I hope so. What is wrong with SMPS?
I actually think this is a complex question.
The normal accusation leveled at SMPS is that they kick high frequency noise back into the mains.
When I bought my microRendu (mR) I also got an IFI 9V iPower. These have been built using noise cancellation to stop rubbish being sent back into the mains. There was a good thread on Computer Audiophile (Power Supply (8+) Group Test) where a series of PSUs were measured, and the IFI did very well. However, I preferred the SBooster - my comment on CA:
SBooster LPSU 6v:
Got this last Friday. This is not a Damascene experience, in my system it does not change the character of what I hear; bare in mind that I am passing the mR output into a Mutec MC-3+USB. What the SBooster does do is:
- Improve the quality of the high frequencies; and
- Further uncover low level information in the music.

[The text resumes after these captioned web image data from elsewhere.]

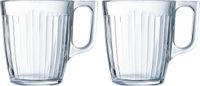 Luminarc Verres à thé Leeds - 12x - verre transparent travaillé - 8 x 9 cm - 250 ml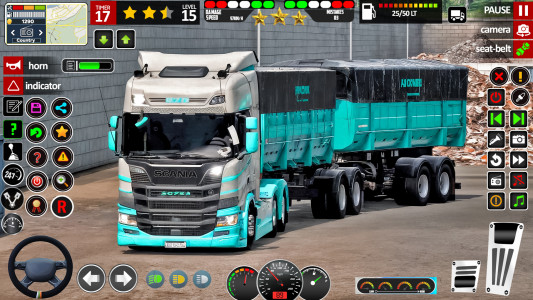 اسکرین شات 1 بازی Truck Simulator Cargo Truck 3D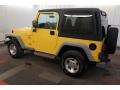 2001 Solar Yellow Jeep Wrangler Sport 4x4  photo #11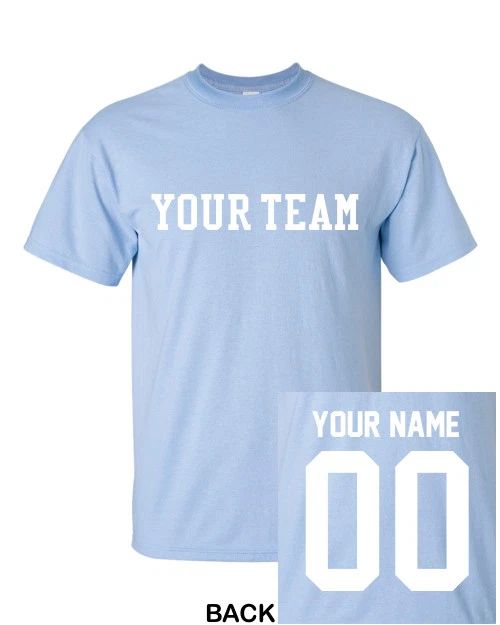 CUSTOM T-Shirt JERSEY Personalized ANY COLOR Name Number Team Softball Football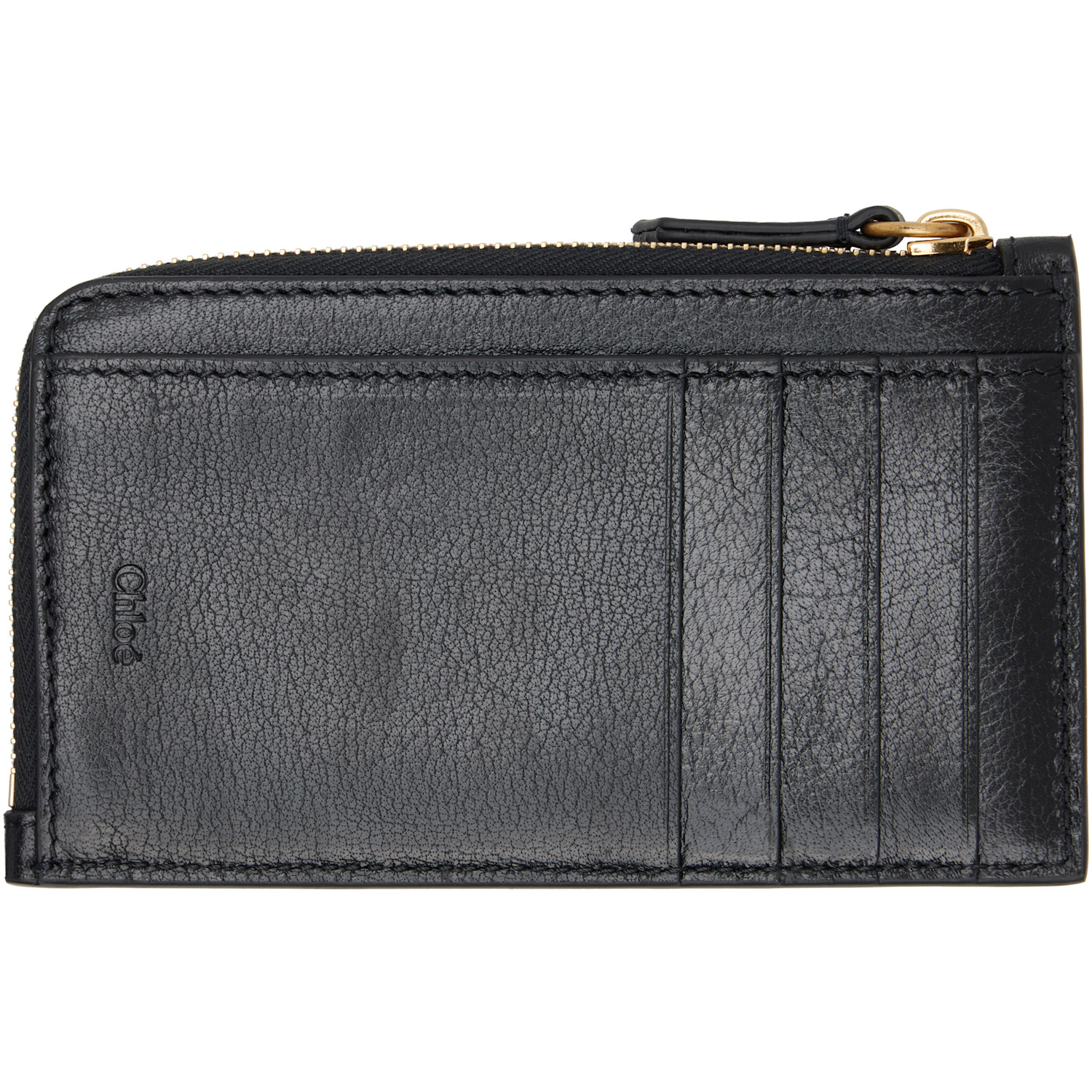  Chloé Black Small Paddington Card Holder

Signe from Eric Clapton Unplugged.
Standard test piece for me. Included in the supporting percussion are a triangle and wood blocks. These were evident before but, in the case of the triangle the emphasis was on the leading edge and it could almost sound truncated, and out of time in places; now you hear the rounded ring, it falls further back into the mix but you can here what the percussionist is doing. Similarly the wooden blocks are more of the piece and you can hear the resounding wooden sound, rather than a greater emphasis on the strike.
In summary, the Sbooster improves on what my system is doing right. This can almost sound minor, but in terms of what we are after in High Fidelity I suspect it is not - I just don't think it will supply this on its own. If your system is in good shape it will help focus what is already there.
In my system the effect of removing SMPS has been to remove edge leading to a more relaxed, but no less detailed and dynamic, presentation. That said the introduction of a bit of edge with the right music can be a boon!
However, I believe the effect of SMPS depends on how the device is engineered. I noticed no such edge with my Naim NS01, which uses SMPS. While I would expect Naim to take the time and trouble to address SMPS issues I would NOT expect this of IT companies.